24 Op die dag zal I̱sraël de derde worden met Egy̱pte en met Assy̱rië,+ namelijk een zegen in het midden der aarde,*+
25 want Jehovah der legerscharen zal het gezegend hebben,+ doordat hij zal zeggen: „Gezegend zij mijn volk, Egy̱pte, en het werk mijner handen, Assy̱rië,+ en mijn erfdeel, I̱sraël.”+
Voetnoten
^ „Geestenmediums.” Personen van wie een waarzeggende demon zich bediende. Lat.: py·thoʹnes. Zie Han 16:16.

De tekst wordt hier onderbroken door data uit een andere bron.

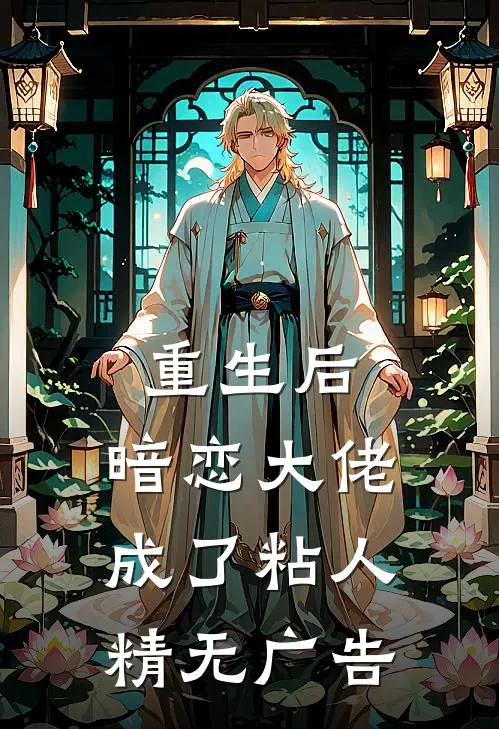重生后，暗恋大佬成了粘人精无广告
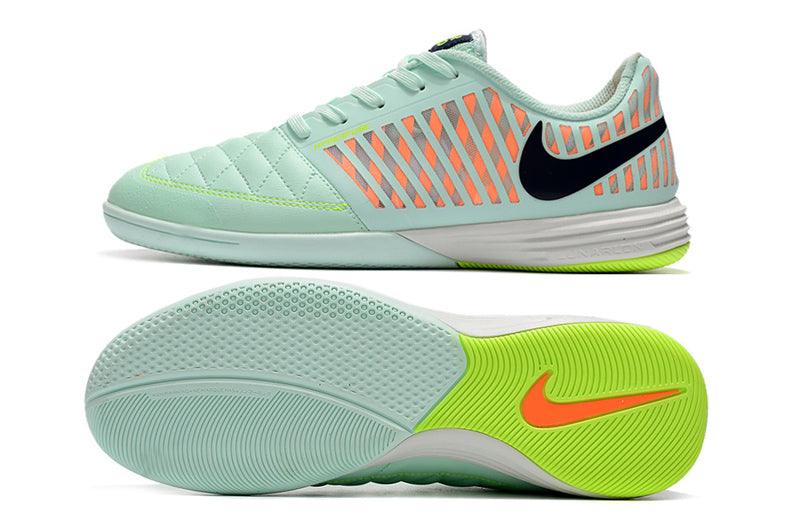 Chuteira de Futsal Nike Lunar Gato II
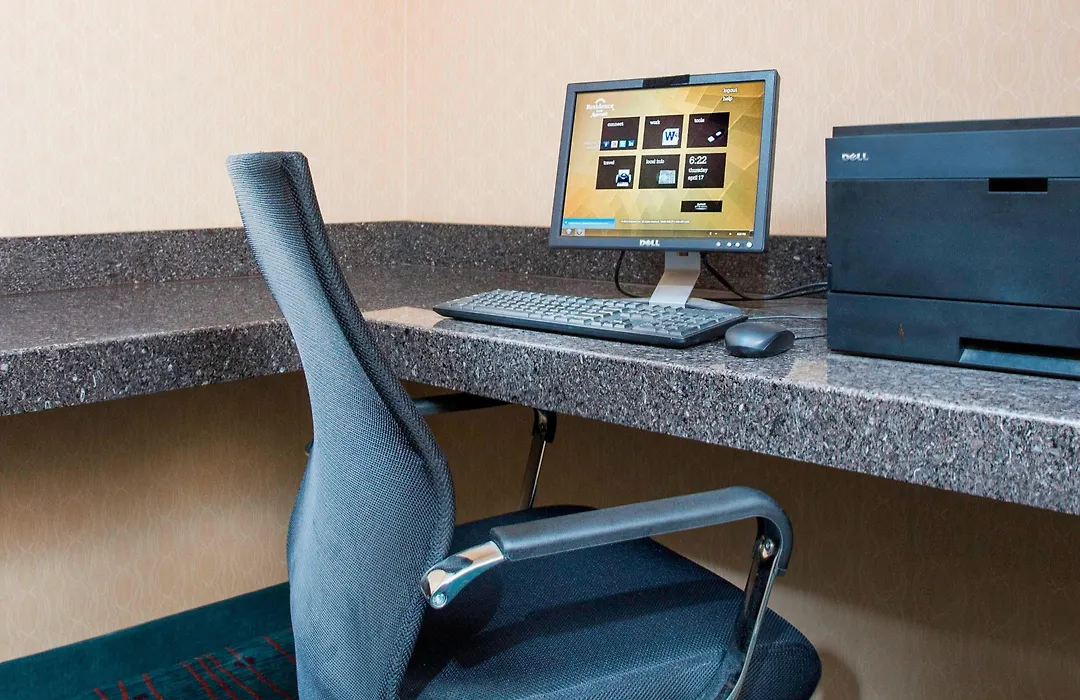 Residence Inn Topeka-1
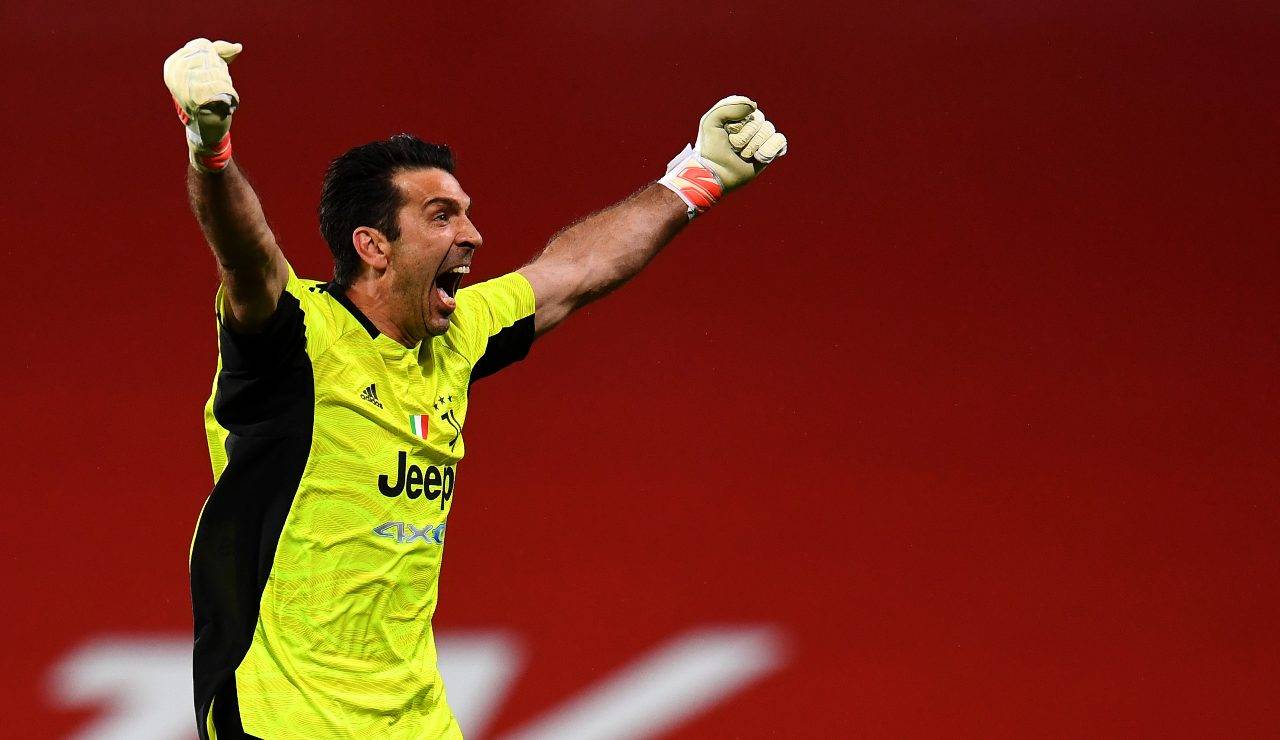 Buffon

^ „Meester.” Hebr.: ʼadho·nimʹ, mv. van ʼa·dhōnʹ, ter aanduiding van majesteit, nader bepaald door het enk. bn. „harde”.
^ Zie App. 1H.
^ Of: „moeten door luizen aangetast worden.”
^ „Egypte.” Hebr.: Ma·tsōrʹ.
^ Of: „De biezen.”
^ „Egypte.” Hebr.: Mits·raʹjim.
^ Of: „Memphis.”
^ „Haar”, kennelijk doelend op het land, in het Hebr. vr.; LXX: „hun.”
^ „Er . . . van.” Lett.: „van haar”, doelend op de „bodem”, in het Hebr. vr.
^ „Der Omverhaling.” M(Hebr.): ha·Heʹres; 1QIsa(Hebr.): ha·Cheʹres, „der Zon”; Syr.: He·res; Lat.: Soʹlis, „der Zon”; Gr.: Aʹse·dek, een transliteratie van het Hebr. woord hats·tseʹdheq, „der rechtvaardigheid”. (Zie Gins.Int, blz. 406, 407.) T parafraseert als volgt: „[Stad van] het Huis der Zon, die [d.w.z. de stad] verwoest zal worden.”
^ Of: „en (hij) zal hen werkelijk bevrijden.”
^ Of: „Egypte stellig een slag toebrengen, [het] een slag toebrengen en [het] genezen.” In het Hebr. staan de laatste twee ww. in de infinitivus absolutus, een vorm waarbij tijd en persoon onbepaald zijn.
^ Of: „des lands.” Hebr.: ha·ʼaʹrets.